What is being asked: Take the lines in the listing below from the line with "A white-brick station" up to and including the line with "χαρούμενη blogger μιλώντας" and set them down exactly, skipping pictures and adding nothing.

•••••

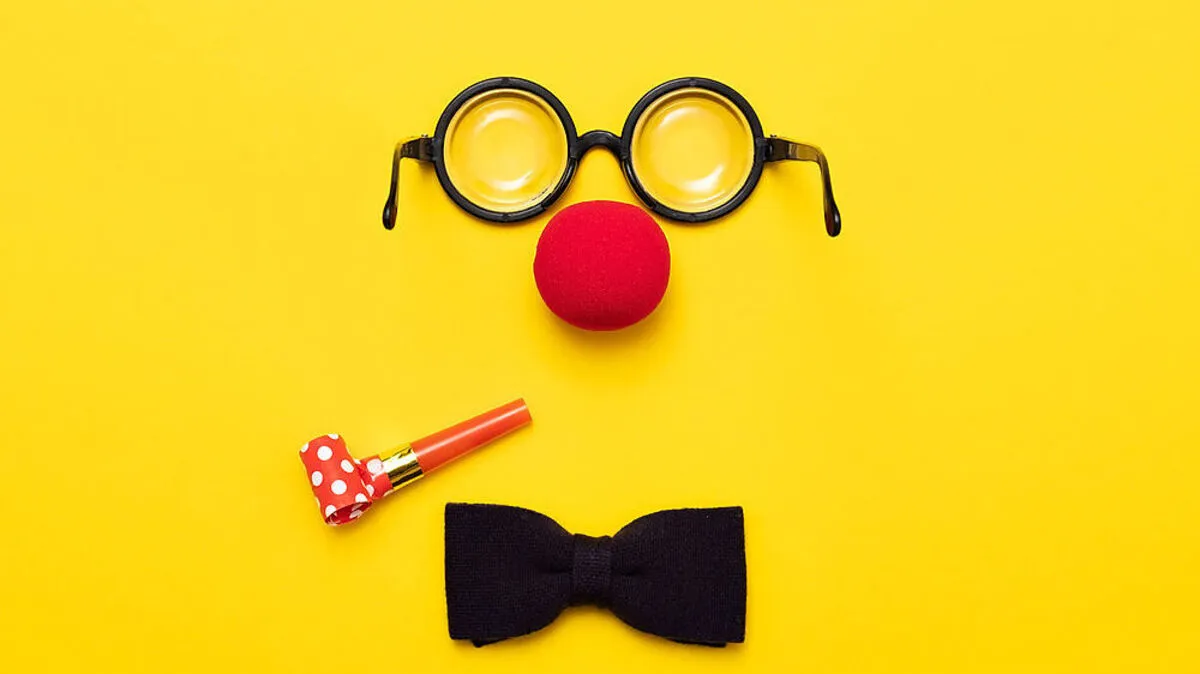 Funny glasses, red clown nose and tie lie on a colored background, like a face.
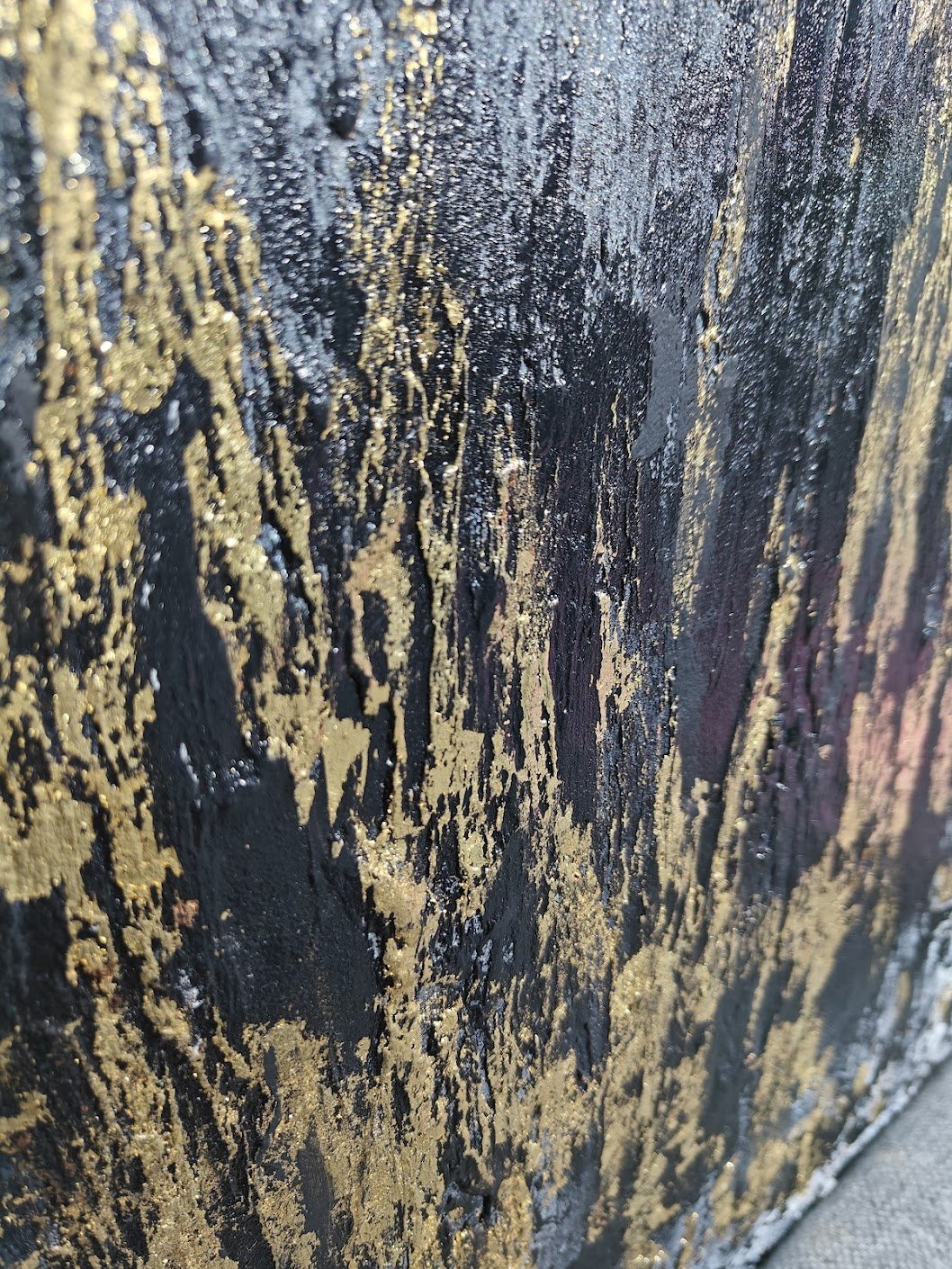 Textured abstract painting with vertical strokes in gold, black, and grey tones on a rough, layered surface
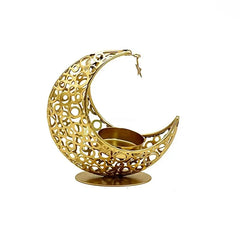 Gold decorative moon-shaped candle holder on a white background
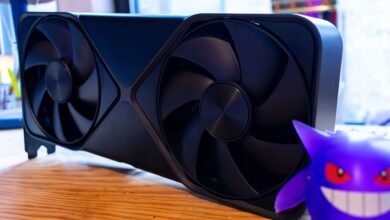 Black graphics card with two fans next to a purple Gengar figure.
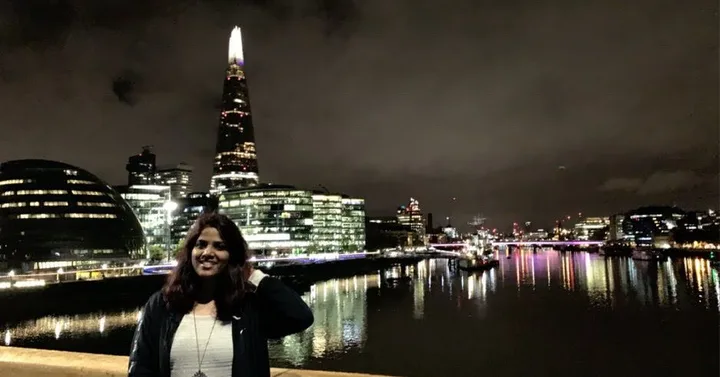 The Thames at night, the city skyline glittering across the water.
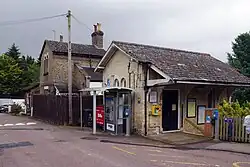 A white-brick station building taken from across the road with a telephone box in front. On the right side of the building there is a door and steps leading down.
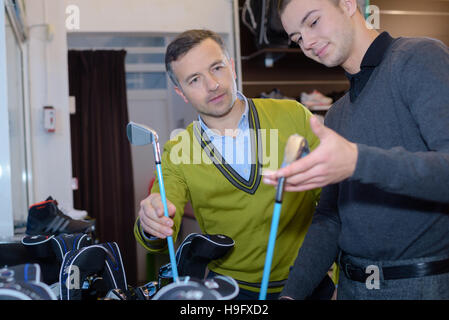 glückliche Frau mit Mann Golf Club im Store auswählen Stockfoto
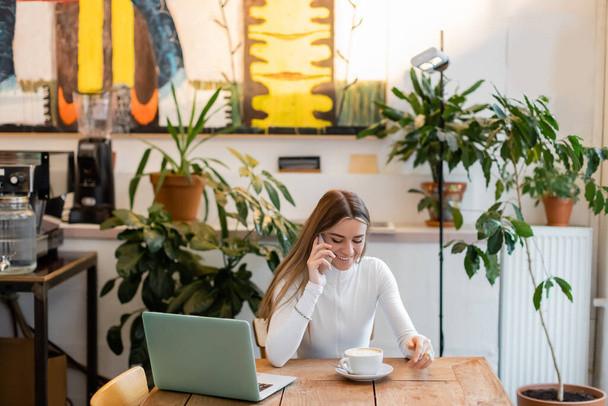 χαρούμενη blogger μιλώντας στο smartphone κοντά στο laptop δίπλα στο φλιτζάνι καπουτσίνο στο cafe  - Φωτογραφία, εικόνα
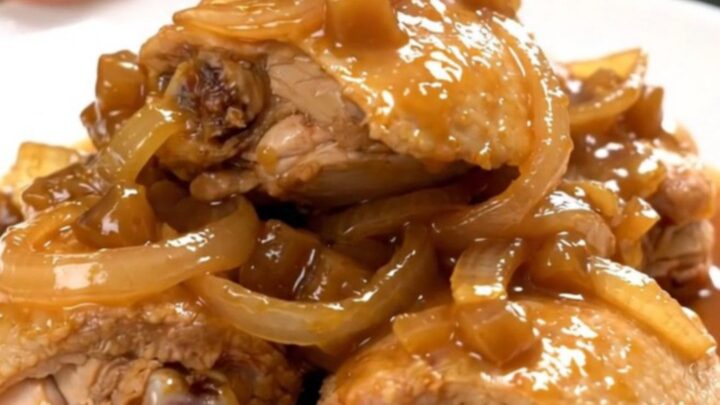 A close-up of tender chicken thighs braised in a rich, dark, and glossy apple butter sauce in a slow cooker.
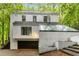 Unique home exterior with a flat roof section and large glass greenhouse feature at 165 River North Walk, Atlanta, GA 30328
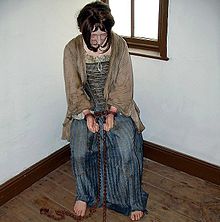 Handcuffs and chains from wrought iron as formerly used on prisoners; Wales, 19th century (museum exhibit) Prisoner in courtroom, Wales 19th century.JPG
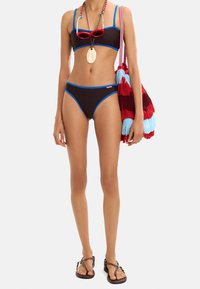 Brązowy bikini z niebieskimi akcentami, z topem bandeau i wysokim stanem. Modelka nosi czerwone okulary przeciwsłoneczne i trzyma torebkę z frędzlami w wielu kolorach.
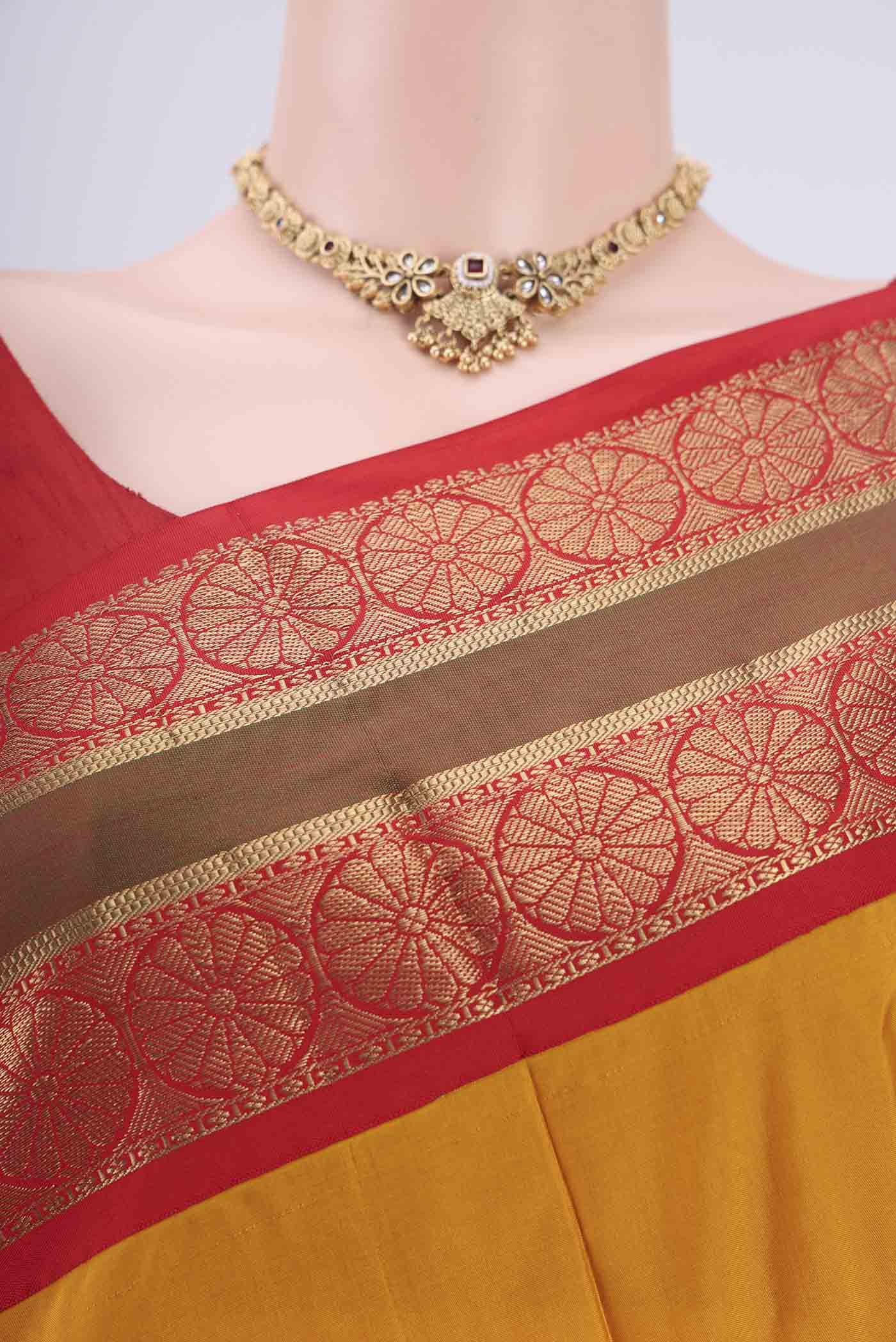Border image of Mustard Bangalore Silk Saree with Zari Butta on the body and Temple Border. 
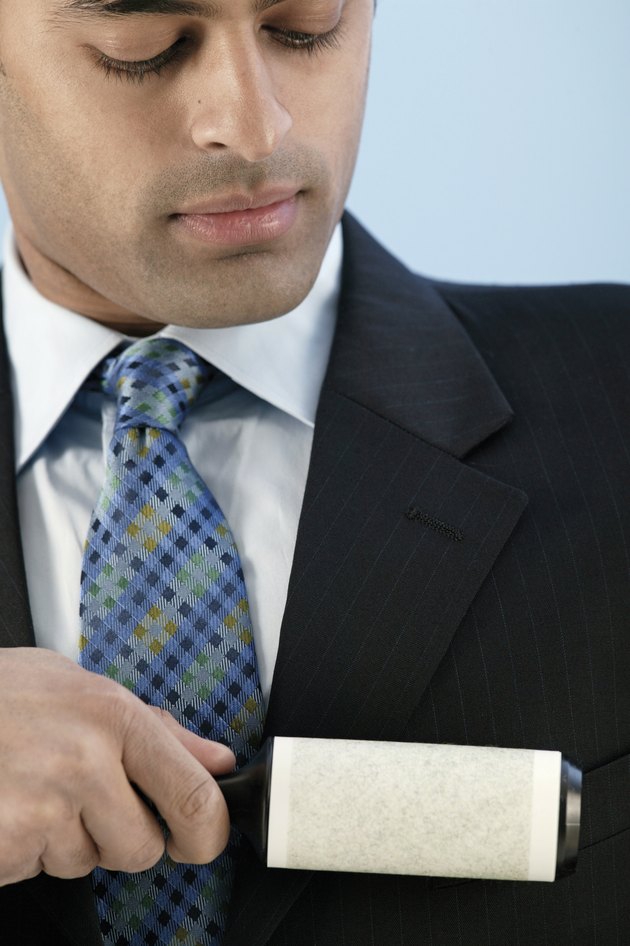Businessman using lint roller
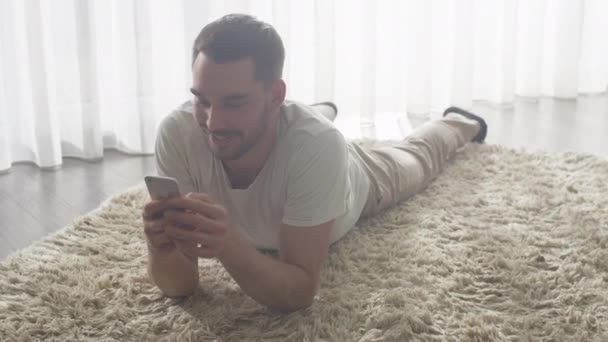Człowiek leżący na podłodze w salonie i przy użyciu telefonu komórkowego dla rozrywki. — Wideo stockowe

•••••

Exercise output:
 A white-brick station building taken from across the road with a telephone box in front. On the right side of the building there is a door and steps leading down.
 glückliche Frau mit Mann Golf Club im Store auswählen Stockfoto
 χαρούμενη blogger μιλώντας στο smartphone κοντά στο laptop δίπλα στο φλιτζάνι καπουτσίνο στο cafe  - Φωτογραφία, εικόνα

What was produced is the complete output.